Poems and Chronicles
Old English literature was written in Anglo-Saxon (old English) from the second half of 5th century to time of the Norman conquest in 1066. It includes different genres: epic poetry, chronicles, riddles, translation of Bible from Latin, stories about the lives of saints and sermons. The most important are the epic poem Beowulf, the Angle-Saxon Chronicle and poem Caedmon’s Hymn from 7th century. There are two types of Old English poetry: the heroic pre-Christian and Christian.
Old English poetry was oral and anonymous. The poets were called scop, he entertained the noblemen in halls (often accompanied by a harp). They are important to shape a common cultural identity. The poetry is divided into two complementary modes: epic and elegiac.
originally the Anglo-Saxon poetry was oral and based on memorization (from mouth to mouth) until in the 11th century it was written by the church clerks who fixed its form.
the most important formal aspects of Anglo-Saxon poetry were stress and alliteration, that is the repetition of the same initial consonant sound. Each line was divided into two halves by a break or caesura and had 4 stresses.

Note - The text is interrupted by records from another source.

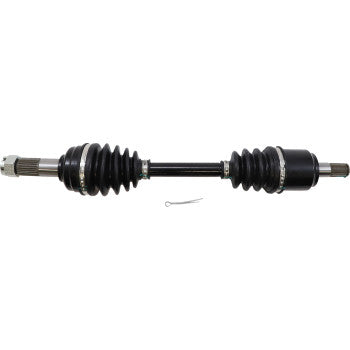 Black metal Honda TRX 420 front right axle kit with accordion-style rubber boots and metal shafts.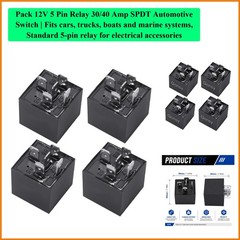 Pack 12V 5 Pin Relay 30/40 Amp SPDT Automotive Switch | Fits cars, trucks, bo…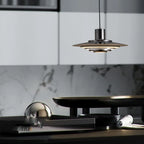 Art Deco White and Silver Aluminum Pendant Light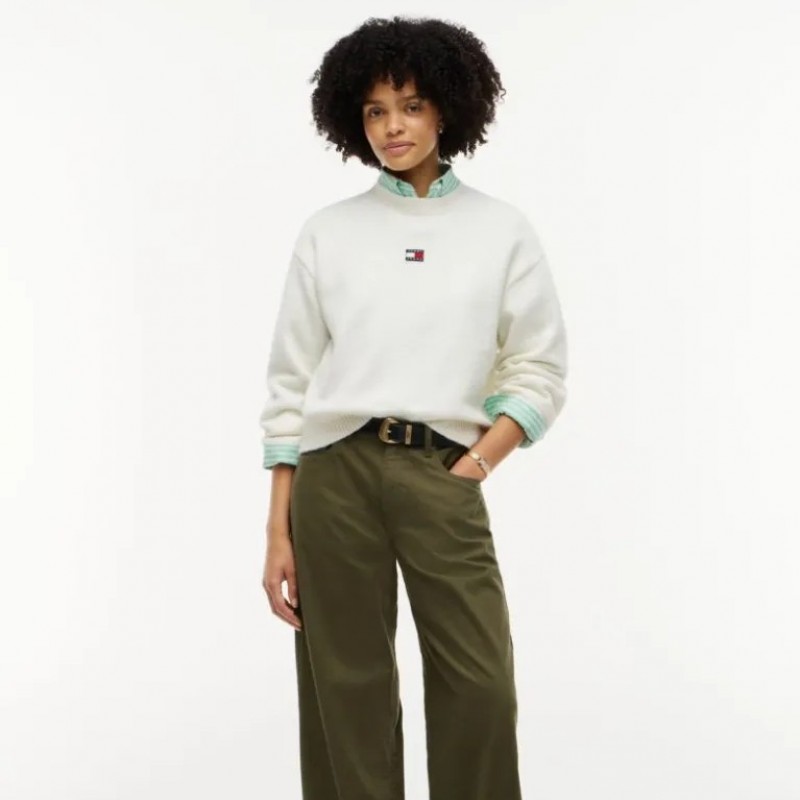 Απαλό Πουλόβερ Από Αλπάκα Fluffy badge sweater White Tommy jeans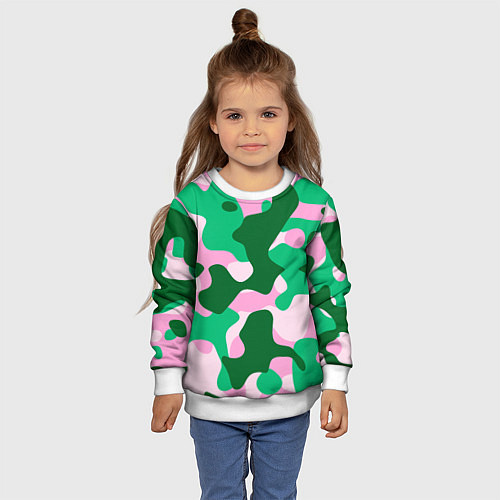Детский свитшот Абстрактные зелёно-розовые пятна / 3D-Белый – фото 4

One peculiarity of Anglo-Saxon literature is the riddle, a linguistic guessing game. They are generally in the first person.
Old english prose
old English prose first appeared from the 9th century to 12th century. Prose was written in Latin before the reign of King Alfred, who decided to translate many books from Latin into Old English. The Anglo-Saxon chronicle was probably started in the time of king Alfred. Old English literature survived the Norman conquest of 1066 to 14th century, but when the monasteries were destroyed (during Reformation), the manuscripts were sent to the antiquarians and scholars.